The exercise asks for every line of the data to be reproduced exactly.

**Provided records**
--- START ---

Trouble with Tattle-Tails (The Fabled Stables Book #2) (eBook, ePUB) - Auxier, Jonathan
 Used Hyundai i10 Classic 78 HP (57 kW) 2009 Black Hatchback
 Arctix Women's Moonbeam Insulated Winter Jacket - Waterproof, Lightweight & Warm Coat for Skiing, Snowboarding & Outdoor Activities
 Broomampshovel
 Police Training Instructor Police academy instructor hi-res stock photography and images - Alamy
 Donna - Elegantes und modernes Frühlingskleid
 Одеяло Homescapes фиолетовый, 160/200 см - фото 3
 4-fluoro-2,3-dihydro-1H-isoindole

--- END ---

**Result of this exercise**
Trouble with Tattle-Tails (The Fabled Stables Book #2) (eBook, ePUB) - Auxier, Jonathan
 Used Hyundai i10 Classic 78 HP (57 kW) 2009 Black Hatchback
 Arctix Women's Moonbeam Insulated Winter Jacket - Waterproof, Lightweight & Warm Coat for Skiing, Snowboarding & Outdoor Activities
 Broomampshovel
 Police Training Instructor Police academy instructor hi-res stock photography and images - Alamy
 Donna - Elegantes und modernes Frühlingskleid
 Одеяло Homescapes фиолетовый, 160/200 см - фото 3
 4-fluoro-2,3-dihydro-1H-isoindole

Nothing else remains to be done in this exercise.